The appellant did not provide any additional search terms until after an application for disclosure of the entire download was refused. That gave rise to first ground of appeal, namely; that the prosecution should have been ordered to review the entirety of the phone messages or, alternatively, a full copy of the download should have been provided to the defence. In the absence of either, it was submitted that the appellant was denied a fair trial.

The issues of principle

The Court took the opportunity to set out four issues of principle that will apply to all cases which involve digital communications, namely:

  • Identifying the circumstances when it is necessary for investigators to seek details of a witness’s digital communications, from whatever platform. The question is when does it become necessary to attempt to review a witness’s digitally stored communications and when is it necessary to disclose digital communications to which the investigator has access?
  • When it is necessary, how should the review of the witness’s electronic communications be conducted?
  • What reassurance should be provided to the complainant as to the ambit of the review and the circumstances of any disclosure of material that is relevant to the case?
  • What is the consequence if the complainant refuses to permit access to a potentially relevant device, either by way of downloading the contents or permitting an officer to view parts of the device? Similarly, what are the consequences if the complainant deletes relevant material?

 

They also noted that is already an extensive legislative and regulatory framework governing disclosure in this context[2].

The first issue of principle: identifying the circumstances when it becomes necessary for investigators to seek details of a witness’s digital communications and thereafter to disclose material to which they investigator have access.

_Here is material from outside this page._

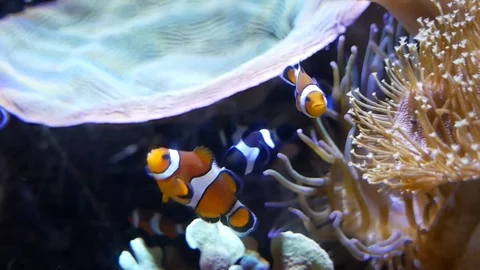 NEMO FISH Video stock 115722370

There is no obligation on investigators to seek to review a witness’s digital material without good cause. Any such request must have a proper basis, i.e. that there are reasonable grounds to believe that it may reveal material relevant to the investigation or the likely issues at trial.

S. 3 (1) (a) of the CPIA remains the test for disclosure – any prosecution material which has not previously been disclosed to the accused and which might reasonably be considered capable of undermining the case for the prosecution against the accused or of assisting the case for the accused.

In R v H and C[3],the House of Lords confirmed that ‘the trial process is not well served if the defence are permitted to make general and unspecified allegations and then seek far-reaching disclosure in the hope that material may turn up to make them good. Neutral material or material damaging to the defendant need not be disclosed.’

The Court observed that reflects the Attorney General’s Guidelines on Disclosure[4] that ‘it is not the duty of the prosecution to comb through all the material in its possession… on the lookout for anything which might conceivably or speculatively assist the defence.’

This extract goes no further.